Punk 45 Vol. 2: There Is No Such Thing As Society - Get A Job, Get A Car, Get A Bed, Get Drunk! Underground Punk And Post-Punk In The UK 1977-81
It wasn’t some Bromley Contingent gobber who said “there is no such thing as society” - it was the longest-serving Prime Minister of the modern era. So of course punk rock registered as youth culture in recession-plagued/pre-Thatcherism England, a rare example of cross-Atlantic inspiration in which America’s UK counterparts proved less artsy. As befits a scene which burned brightly before disseminating into rival camps, these two dozen cuts are mostly curios, although often brief and always clattering. Trivia buffs will enjoy future Midnight Runner Kevin Rowland bellowing his way through a Killjoys number or a Vibrators side-project featuring members Miss Directed, Miss Guided, and C. Slug. Footnote fanciers will dig glorious one-offs from Puncture, The Users, The Jermz. Aesthetes will value the genius of Swell Maps and The Mekons, whose ’78 single “32 Weeks” sounds both primeval and visionary in this context. And I’m sure somebody will get a kick out of the 1.32 “Wot’s For Lunch Mum?”

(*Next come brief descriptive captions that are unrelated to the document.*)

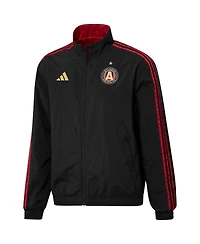Men's adidas Black and Red Atlanta United Fc 2023 On-Field Anthem Full-Zip Reversible Team Jacket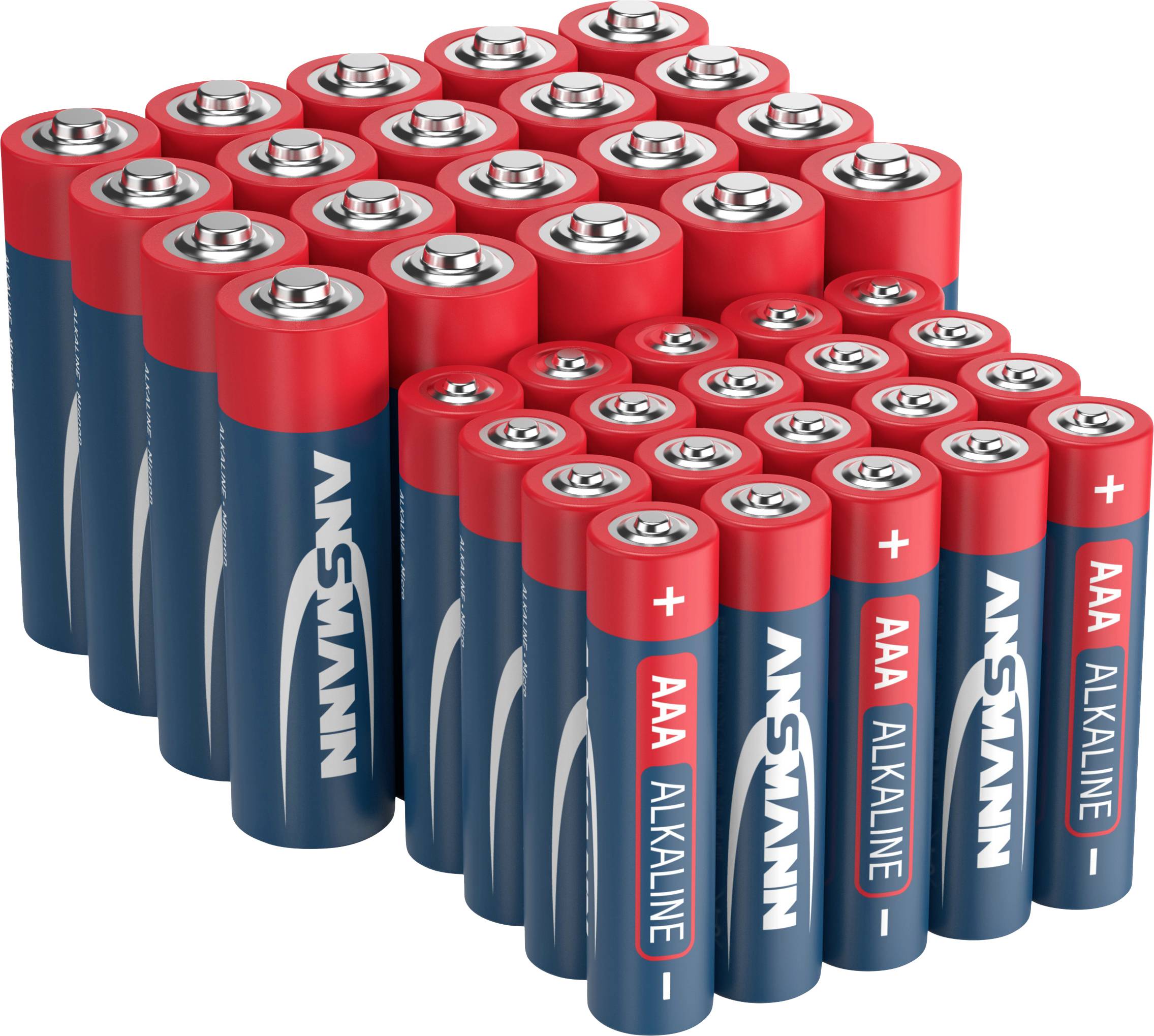 Alkáli elemkészlet 20xAAA, 20xAA, Ansmann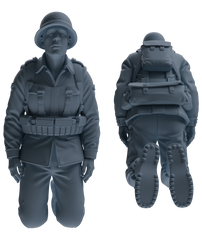 MRY-SFW SSTR208 Miniatures Soldier Model Kit Multi-Scenario Soldier Pose Modern Model 5 pcs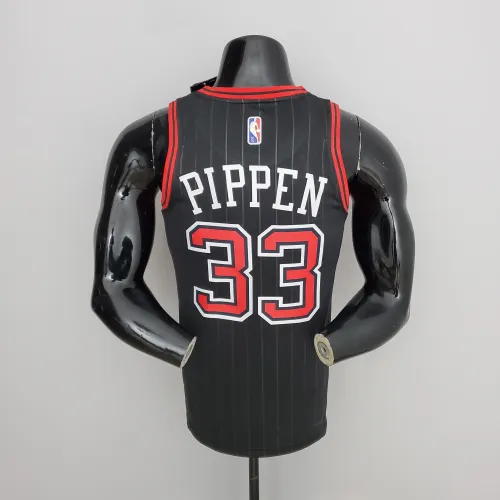 Scottie Pippen Chicago Bulls 75th Anniversary Swingman Jersey Flyers Black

Punk 45 Vol. 1 Kill The Hippies! Kill Yourself! The American Nation Destroys Its Young - Underground Punk In The United States Of America 1973-1980
Excepting Blondie, US first-wave punk was underground by definition, so this comp’s title seems overlong and then some. Had the urban Ohio/suburban California focus suggested within the notes held strong rather than detouring into New Orleans and Austin, perhaps these twenty-one selections might have added up to some kind of counter-narrative to New York/London hegemony rather than a noisy grab-bag. And it’s difficult to conceive how anybody curious about one-off singles from The Urinals and X Blank X wouldn’t already claim intimate familiarity with Pere Ubu’s “The Modern Dance” or the Heartbreakers’ “Chinese Rocks”. Yes but still. The loose, wonderful aesthetic under consideration encompasses both the lo-fi pop chug of ’73 Flamin’ Groovies and the keyboard-trilling chants of ’78 Theoretical Girls. Between those two conceptual and geographical peaks lies a lot of fuzz, including enough San Fernando dross (Hillside Strangler, how punk) to give heart to El Lay haters. Avant-garage blur more than no future, although note obvious alternative to killing the hippies: “Kill Yourself”.